→ Work instruction:
Leaving out the images, return the data below exactly as it is written.

*** Information supplied Section Begins ***

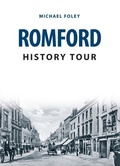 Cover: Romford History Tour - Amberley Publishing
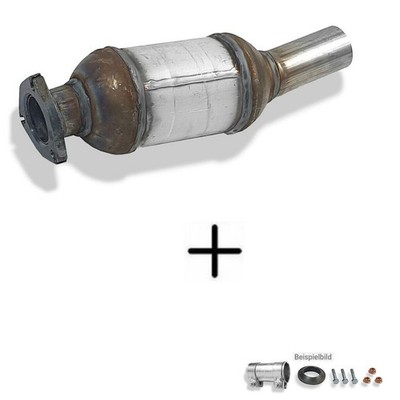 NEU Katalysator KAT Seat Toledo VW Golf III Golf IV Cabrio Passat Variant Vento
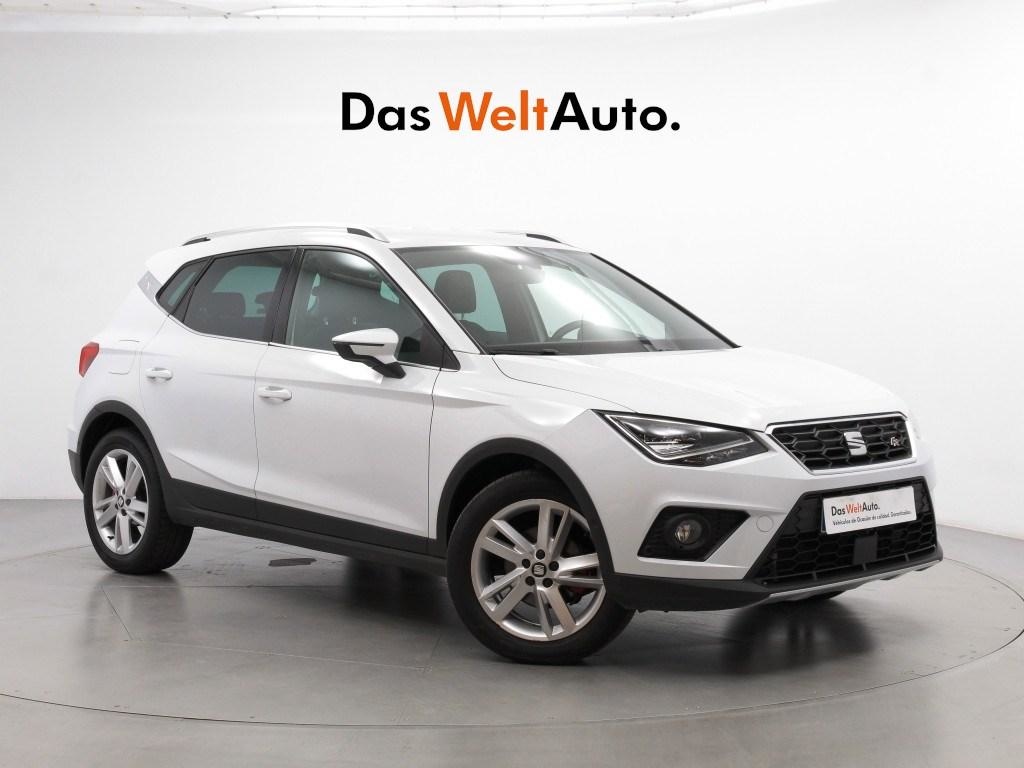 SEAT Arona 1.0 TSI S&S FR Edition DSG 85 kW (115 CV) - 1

*** Information supplied Section Ends ***

→ Result:
 Cover: Romford History Tour - Amberley Publishing
 NEU Katalysator KAT Seat Toledo VW Golf III Golf IV Cabrio Passat Variant Vento
 SEAT Arona 1.0 TSI S&S FR Edition DSG 85 kW (115 CV) - 1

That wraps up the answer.